Exercise >> Print the lines in the listing below starting at the line with "Govt to Pay" and ending at the line with "Dalea albiflora", both included. Reproduce them exactly and omit every picture.

The records >>
- - - -

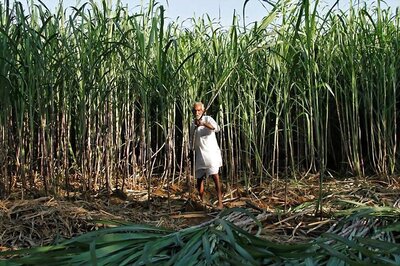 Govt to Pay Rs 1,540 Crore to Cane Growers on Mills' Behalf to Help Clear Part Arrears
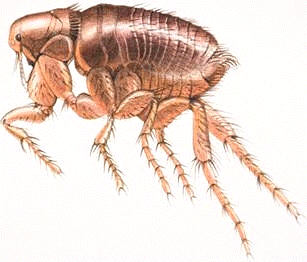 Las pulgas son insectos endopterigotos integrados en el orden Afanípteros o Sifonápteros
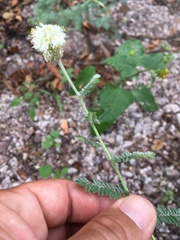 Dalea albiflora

- - - -

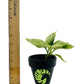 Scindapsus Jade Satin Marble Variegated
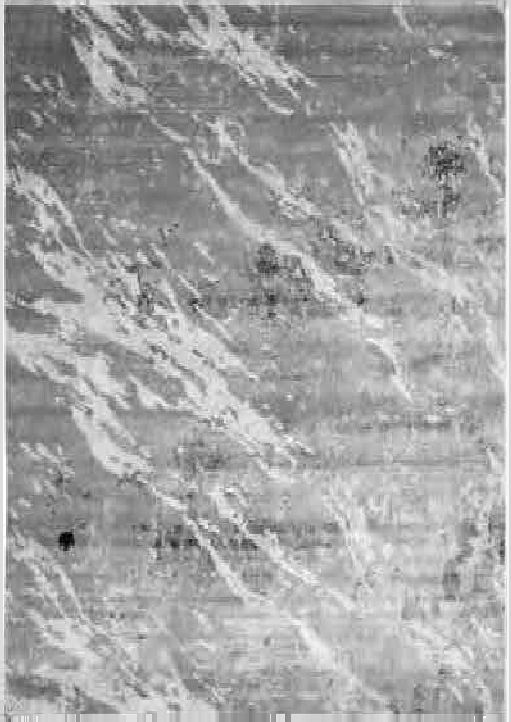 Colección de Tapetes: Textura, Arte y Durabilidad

- - - -

Solution to the problem >>
 Govt to Pay Rs 1,540 Crore to Cane Growers on Mills' Behalf to Help Clear Part Arrears
 Las pulgas son insectos endopterigotos integrados en el orden Afanípteros o Sifonápteros
 Dalea albiflora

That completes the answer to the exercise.